The scope of coverage depends on a variety of factors, including whether the claims are against the company or individuals, whether the company is public or private, and the strength of the standard forms and endorsements that make up the policy. For instance, most D&O policies will cover the cost of responding to government investigations or subpoenas issued to insured persons. This can include costs associated with an agency investigation before a formal enforcement action is initiated, including the costs of responding to voluntary requests for information or interviews, preparing for and giving testimony, and responding to subpoenas. However, coverage may be limited or even absent if the investigation targets the company instead of its individual directors and officers.

Numerous other policy definitions, insuring agreements, exclusions, and conditions may impact coverage, including:

  • the definition of “Insured,” ensuring that it covers an appropriate group of former and current individuals;
  • the definition of “Claim,” including whether it includes coverage for informal investigations initiated by a regulatory agency before a formal enforcement action is filed;
  • provisions clarifying that certain coverages will be triggered in the context of government investigations even where a “Wrongful Act” has not been alleged;
  • the definition of “Loss,” which may have significant carve outs for fines and penalties;
  • exclusions for violations of laws or statutes, intentional conduct, or fraud, including whether it contains a sufficient “final adjudication” trigger to preserve defense cost reimbursement;
  • sublimits on particular coverages or claims that may restrict access to the full policy limits; and
  • advancement provisions addressing the timing of defense cost reimbursement and the insurer’s right to recoupment, if any, in the event of an adverse determination.

The above examples present only an illustrative list of some high-level considerations that can arise when evaluating potential coverage for government investigations.

Takeaways

The new SEC-CFTC rules may not represent a sea-change of new claims materially impacting the D&O insurance landscape, but they likely represent an incremental change in potential regulatory exposures or, at worst, an opportunity for companies to revisit their future insurance needs as a tool to mitigate those risks.
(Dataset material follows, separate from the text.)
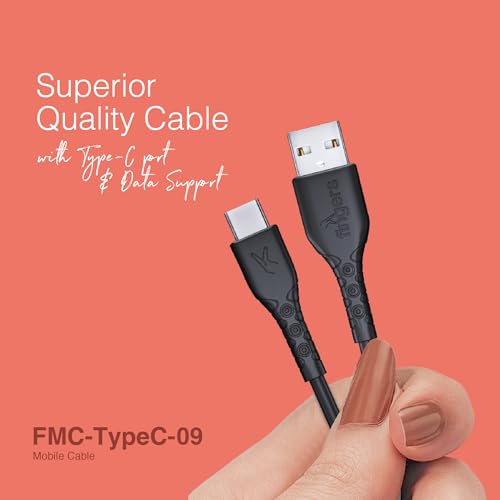 Image of FINGERS FMC-TypeC-09, Sturdy Type-C USB Cable, Fast Charging (Supports up to 3.0 A-Max), 480mbps Data Transmission, 1m Length - Black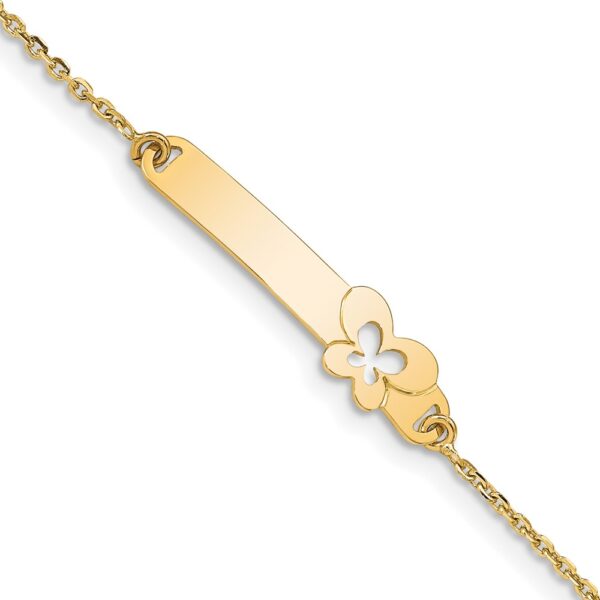 14K Polished Solid Chain/Solid Plate Butterfly 27.5x Plate Baby/Child ID Bracelet with Extender (6.55mm)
Impacted firms should analyze existing insurance policies before a claim arises to determine whether they may offer protection for violations of the new reporting requirements.

If a person or entity receives inquiries, demands, notices, subpoenas, or other documents concerning potential violations from the SEC or CFTC, as part of the response process they should immediately review any potentially applicable insurance policies to determine what coverage (if any) may be available for the claim and to ensure compliance with the notice requirements under those policies. Additionally, coverage counsel can help insureds obtain appropriate coverage before a claim arises, understand their available coverage, navigate through the claims process, and avoid coverage pitfalls after a claim rises.